REQUIRED ACTION
Repeat the data that follows exactly, starting at the line with "Detox Clarifying Shampoo - Image 2" and ending at the line with "চোখ দিয়ে ময়লা, কেতর", and leave out every picture.

SOURCE MATERIAL

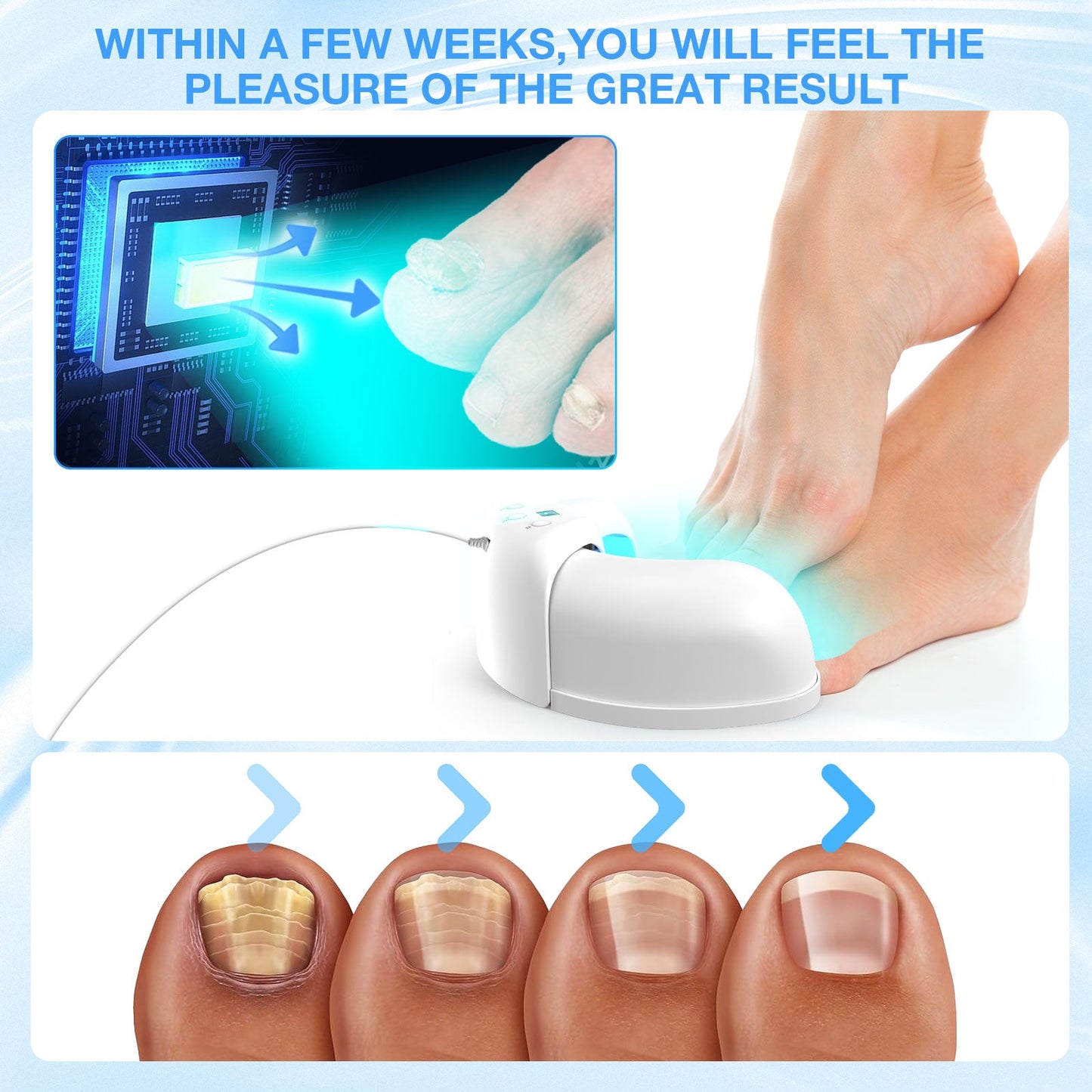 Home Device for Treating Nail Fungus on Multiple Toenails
* * *
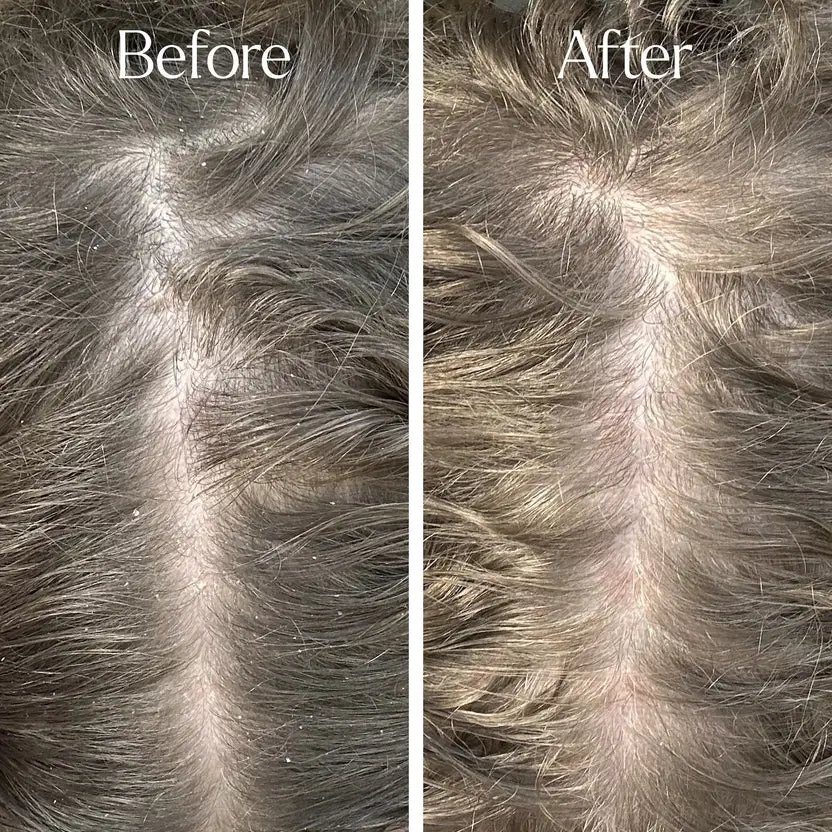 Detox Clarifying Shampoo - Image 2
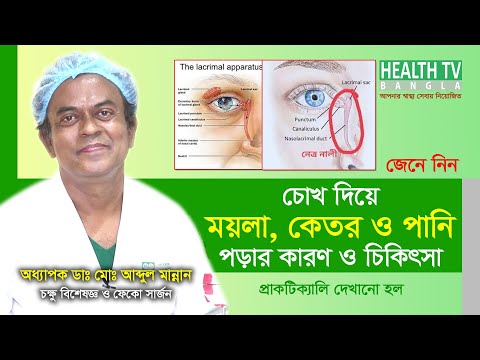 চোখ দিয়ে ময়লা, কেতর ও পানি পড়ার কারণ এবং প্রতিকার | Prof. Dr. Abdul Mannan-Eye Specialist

ANSWER TO THIS PROBLEM
 Detox Clarifying Shampoo - Image 2
 চোখ দিয়ে ময়লা, কেতর ও পানি পড়ার কারণ এবং প্রতিকার | Prof. Dr. Abdul Mannan-Eye Specialist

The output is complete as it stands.